Es en esta encrucijada donde el fracaso del proyecto político conservador de Ofelia Fernández se vuelve sintomático de un sistema en agonía, y el triunfo de Martina la cifra de un nuevo código. A diferencia de lo que decía la canción de Dylan, en nuestra época todo el mundo está buscando al “hombre del pronóstico del tiempo” para saber para donde está soplando el viento.
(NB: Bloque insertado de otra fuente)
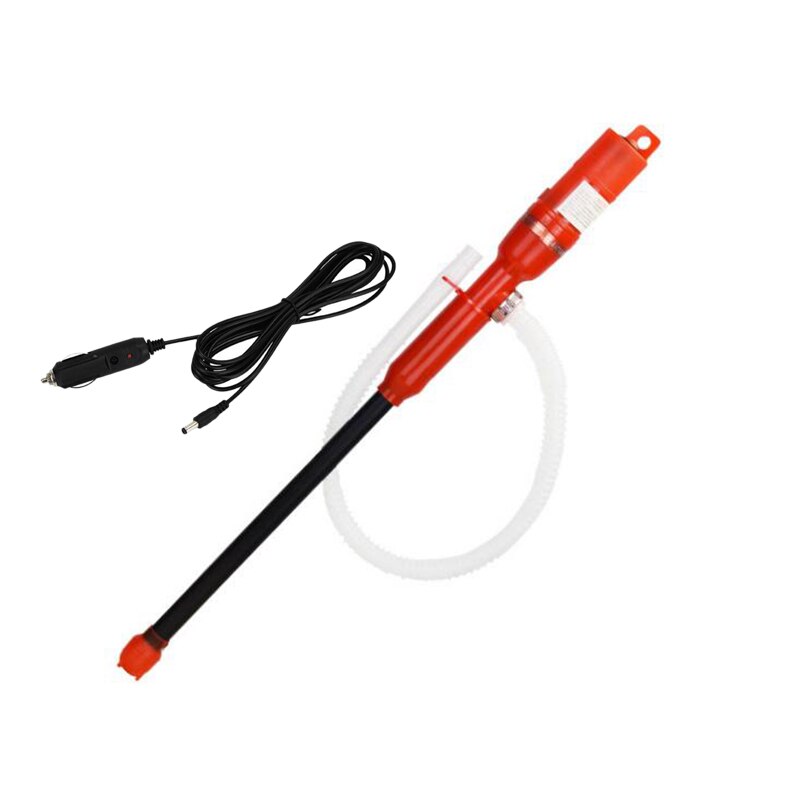 12V Auto Voertuig Brandstof Gas Transfer Zuig Pompen Draagbare Outdoor Elektrische Pomp Water Olie Gas Gereedschap Benzine Pomp Met lijn: Default Title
El proyecto del progresismo, inmovilizado en una estructura de sentimiento residual que sólo puede aspirar a la restauración de un pasado que nunca existió, está condenado a la impotencia y la sumisión. Su nostalgia no es un acto de resistencia sino un simulacro de resistencia que opera como válvula de escape para una clase media en retirada, un mecanismo de negación que, al culpar a la tecnología, protege a las ruinas del peronismo de la conciencia de su muerte. Por el contrario, Martín Cirio ofrece en el goce cínico, desapegado y futurista, una comprensión superadora del sujeto argentino y un orden cultural emergente. El peronismo, como maquinaria histórica, tendría que desembarazarse de su archi casta, reconocer y asumir este camino. Pero su propia estructura burocrática y sentimental lo vuelve incapaz de sacrificar a sus hijos en pos de la vitalidad cruda que la época solicita. Y por eso, en esta renovación de élites, solo le toca morir.